A 401(k) retirement plan provides employers with a powerful tool to incentivize productivity and recruit and retain talent. With that tool, however, comes great responsibility to properly administer the plan. Here are some important points employers should consider when offering 401(k) retirement plans.
What is a traditional 401(k) plan and why use it? A traditional 401(k) plan is a retirement savings plan. At the request of the employee, the employer withholds pre-tax dollars from an employee’s pay check (up to $17,500 annually in 2014) and deposits that amount in a 401(k) account. The employer may also contribute to the employee’s account, sometimes even “matching” the employee’s contribution. Employees control how the money is invested, usually in a variety of mutual funds composed of stocks, bonds and money market investments. The accounts may earn interest, dividends or capital gains from investments that are not taxed until the money is withdrawn. The 401(k) withholdings also allow employees to decrease their taxable income.

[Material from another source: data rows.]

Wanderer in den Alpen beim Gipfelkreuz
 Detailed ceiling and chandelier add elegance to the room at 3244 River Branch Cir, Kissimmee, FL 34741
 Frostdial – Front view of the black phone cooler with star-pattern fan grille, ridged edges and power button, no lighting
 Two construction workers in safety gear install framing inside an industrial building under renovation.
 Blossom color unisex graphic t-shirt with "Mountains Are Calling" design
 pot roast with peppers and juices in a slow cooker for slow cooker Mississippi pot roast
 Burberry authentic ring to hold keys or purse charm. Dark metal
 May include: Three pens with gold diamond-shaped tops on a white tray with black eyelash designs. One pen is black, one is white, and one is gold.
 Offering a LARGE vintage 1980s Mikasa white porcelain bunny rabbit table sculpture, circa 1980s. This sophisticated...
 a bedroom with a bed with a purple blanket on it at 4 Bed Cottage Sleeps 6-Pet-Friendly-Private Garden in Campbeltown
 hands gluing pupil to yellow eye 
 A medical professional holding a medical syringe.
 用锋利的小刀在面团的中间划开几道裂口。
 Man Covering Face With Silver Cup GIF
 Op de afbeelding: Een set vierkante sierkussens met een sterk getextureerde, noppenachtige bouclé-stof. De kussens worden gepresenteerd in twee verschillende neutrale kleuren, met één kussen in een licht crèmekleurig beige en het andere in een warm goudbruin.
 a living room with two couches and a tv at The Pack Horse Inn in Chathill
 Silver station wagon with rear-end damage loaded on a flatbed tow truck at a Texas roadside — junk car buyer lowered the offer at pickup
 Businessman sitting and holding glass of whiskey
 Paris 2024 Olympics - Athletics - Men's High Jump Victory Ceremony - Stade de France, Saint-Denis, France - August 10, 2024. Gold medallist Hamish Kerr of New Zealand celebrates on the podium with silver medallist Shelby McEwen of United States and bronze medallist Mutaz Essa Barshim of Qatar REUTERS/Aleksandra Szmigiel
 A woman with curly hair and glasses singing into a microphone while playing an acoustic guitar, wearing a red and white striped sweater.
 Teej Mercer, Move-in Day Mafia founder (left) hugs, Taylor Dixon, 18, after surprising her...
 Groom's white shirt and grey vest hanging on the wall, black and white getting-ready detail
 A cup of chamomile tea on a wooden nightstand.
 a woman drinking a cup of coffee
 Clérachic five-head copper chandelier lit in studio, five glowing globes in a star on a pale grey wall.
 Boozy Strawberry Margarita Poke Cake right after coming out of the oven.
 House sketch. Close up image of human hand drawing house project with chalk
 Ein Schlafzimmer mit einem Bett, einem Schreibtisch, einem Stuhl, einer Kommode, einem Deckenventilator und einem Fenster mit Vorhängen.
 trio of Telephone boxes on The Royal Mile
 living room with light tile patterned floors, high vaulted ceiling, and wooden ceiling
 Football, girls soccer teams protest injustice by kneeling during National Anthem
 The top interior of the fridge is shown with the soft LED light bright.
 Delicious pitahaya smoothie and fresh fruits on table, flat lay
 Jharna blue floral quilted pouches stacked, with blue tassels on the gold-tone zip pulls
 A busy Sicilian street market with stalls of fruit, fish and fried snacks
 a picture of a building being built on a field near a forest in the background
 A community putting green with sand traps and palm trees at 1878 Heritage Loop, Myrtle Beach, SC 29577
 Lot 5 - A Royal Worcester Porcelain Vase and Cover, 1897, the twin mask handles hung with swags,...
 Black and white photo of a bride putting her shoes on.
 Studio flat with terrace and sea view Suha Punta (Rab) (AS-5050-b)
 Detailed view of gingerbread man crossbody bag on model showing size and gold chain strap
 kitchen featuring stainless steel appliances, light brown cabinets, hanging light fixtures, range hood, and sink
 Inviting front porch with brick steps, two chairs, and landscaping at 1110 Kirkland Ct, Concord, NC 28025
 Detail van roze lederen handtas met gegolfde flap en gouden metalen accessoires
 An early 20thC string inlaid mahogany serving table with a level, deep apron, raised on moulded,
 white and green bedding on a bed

Additionally, a 401(k) allows employees to contribute more than they could under an IRA plan. A 401(k) plan also benefits employers. Although employees are able to withdraw their own contributions prior to age 59 ½ (subject to a penalty), they can only withdraw the employer’s contributions after working at the company for a certain period of time. This prompts employees to stay at the company long-term. Employer contributions also benefit the employer because they are deductible on the employer’s federal income tax return, subject to certain limitations.
What is an employer’s liability for a 401(k) plan? Although employers can employ third-parties to administer the plan to try to minimize exposure, employers still owe plan participants fiduciary responsibilities of loyalty and prudence when establishing, amending or terminating a 401(k) plan. Employers are also required to review the plan administrator’s services, fees and investment offerings to determine if they are reasonable and appropriate for the plan and their employees. In these areas, employers must act solely in the interest of the plan participants and beneficiaries, namely the employees and carry out their duties with the care, skill, prudence and diligence that a reasonably prudent employer would exercise in similar circumstances.
A $13.4 million example. Failure to comport with these fiduciary duties can result in significant consequences for an employer. The 8th Circuit Court of Appeals recently affirmed the assessment of a $13.4 million judgment against an employer for failing to ascertain whether the plan administrator’s record keeping fees were reasonable, failing to negotiate lower fees and failing to use the plan fees to subsidize employer administrative costs unrelated to the plan. Importantly, an outside consulting firm notified the employer that it was overpaying for the administration of the 401(k) retirement plan, but the employer failed to act on that information. This example emphasizes the importance of ensuring that you are appropriately carrying out your fiduciary duties relative to plan administration.